* **Items from a data source**
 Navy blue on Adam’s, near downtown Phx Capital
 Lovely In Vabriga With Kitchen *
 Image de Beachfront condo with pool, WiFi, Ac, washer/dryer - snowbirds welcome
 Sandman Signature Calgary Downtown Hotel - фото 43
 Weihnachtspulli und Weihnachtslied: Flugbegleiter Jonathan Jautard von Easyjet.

* **What the task requires**
Take each record above and return it verbatim.

* **Finished exercise**
 Navy blue on Adam’s, near downtown Phx Capital
 Lovely In Vabriga With Kitchen *
 Image de Beachfront condo with pool, WiFi, Ac, washer/dryer - snowbirds welcome
 Sandman Signature Calgary Downtown Hotel - фото 43
 Weihnachtspulli und Weihnachtslied: Flugbegleiter Jonathan Jautard von Easyjet.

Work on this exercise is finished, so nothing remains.